Saturday, December 06, 2025

First Saturday of Advent 2025: St. Nicholas' Day



SAINT Nicholas. Day of death: (according to the martyrology) December 6, about 360. Grave: originally at Myra; since 1087 at Sari in Italy. Life (highly legendary): Nicholas was born at Patara in Asia Minor to parents who, having long been childless, had petitioned God with many prayers. Already as a youth Nicholas became noted for his zeal in helping the unfortunate and oppressed. In his native city there lived a poor nobleman who had three marriageable daughters; he could not obtain a suitor for them because he could offer no dowry. The contemptible idea struck him to sacrifice the innocence of his daughters to gain the needed money. When Nicholas became aware of this, he went by night and threw a bag containing as much gold as was needed for a dowry through the window. This he repeated the second and third nights. During a sea voyage he calmed the storm by his prayer; he is therefore venerated as patron of sailors. On a certain occasion he was imprisoned for the faith. In a wonderful way he later became bishop of Myra; his presence is noted at the Council of Nicaea. He died a quiet death in his episcopal city, uttering the words: "Into your hands I commend my spirit."

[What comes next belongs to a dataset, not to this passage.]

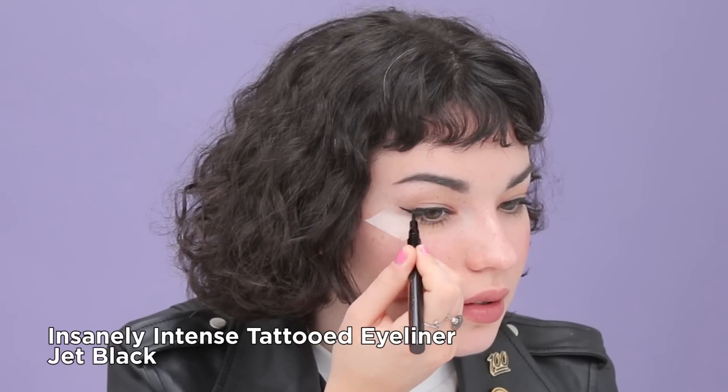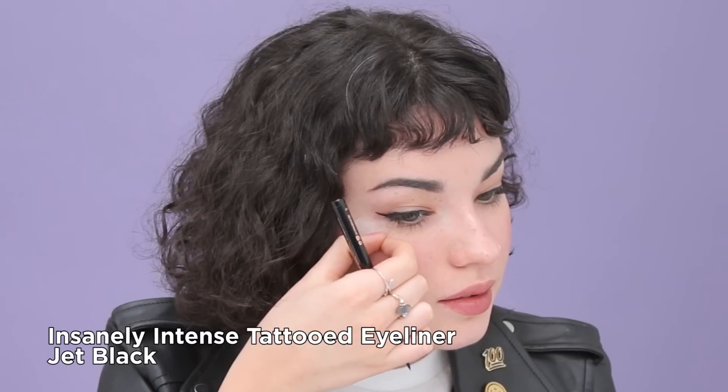Then you're just going to place it on the lower lash line pointing up towards the end of your eyebrow, and use that as a straight edge to draw your wing. I'm going to be using the Skone Tattoo Liner in Jet Black.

Nicholas is highly venerated in the East as a miracle worker, as "preacher of the word of God, spokesman of the Father."

--Pius Parsch

Gift giving and Christmas are tightly connected.  In Italy it is La Befana, an old woman, who brings gifts to children.  It's based on a legend that the Magi stopped at her house on the way to Bethlehem, and she treated them hospitably.  There are all kinds of legends around Christmas, including those involving St. Nicholas “(highly legendary)".

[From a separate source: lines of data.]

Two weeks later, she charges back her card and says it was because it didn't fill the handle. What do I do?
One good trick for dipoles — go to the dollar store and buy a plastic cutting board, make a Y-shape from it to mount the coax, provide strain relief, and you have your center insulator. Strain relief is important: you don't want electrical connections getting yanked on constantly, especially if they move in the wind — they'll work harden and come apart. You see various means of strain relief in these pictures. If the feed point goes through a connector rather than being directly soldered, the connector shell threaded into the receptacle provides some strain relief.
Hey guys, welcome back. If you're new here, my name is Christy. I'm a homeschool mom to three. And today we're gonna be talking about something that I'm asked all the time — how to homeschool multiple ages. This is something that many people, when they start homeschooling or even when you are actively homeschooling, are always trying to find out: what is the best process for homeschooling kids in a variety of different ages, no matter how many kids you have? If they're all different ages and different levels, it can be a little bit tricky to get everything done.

I have a representation of La Befana dropping gifts into a chimney, a la Santa Claus/St. Nick.  I understand that in the early days of America houses had one chimney and centrally located fireplaces in each room connected to the one chimney, so the chimney was quite large.  The idea of Santa, from Moore's poem, slipping down the chimney, was not such an outlandish one.  Though, by Moore's time, chimneys were already relocated to the edges of the house, and one house might support several chimneys.  Building technology had changed, IOW.  So most likely Moore didn't invent the idea of Santa and the chimney as an entry point, but it required more and more reliance on fantasy as chimneys turned to stove pipes, and then disappeared altogether.  The Lovely Wife says she knew as a child Santa didn't come down the chimney because they didn't have one; that he came through the front door, and her mother let him in.  I can't remember being bothered at all with how Santa got in the house; I was too busy playing with what he'd brought on Xmas morning.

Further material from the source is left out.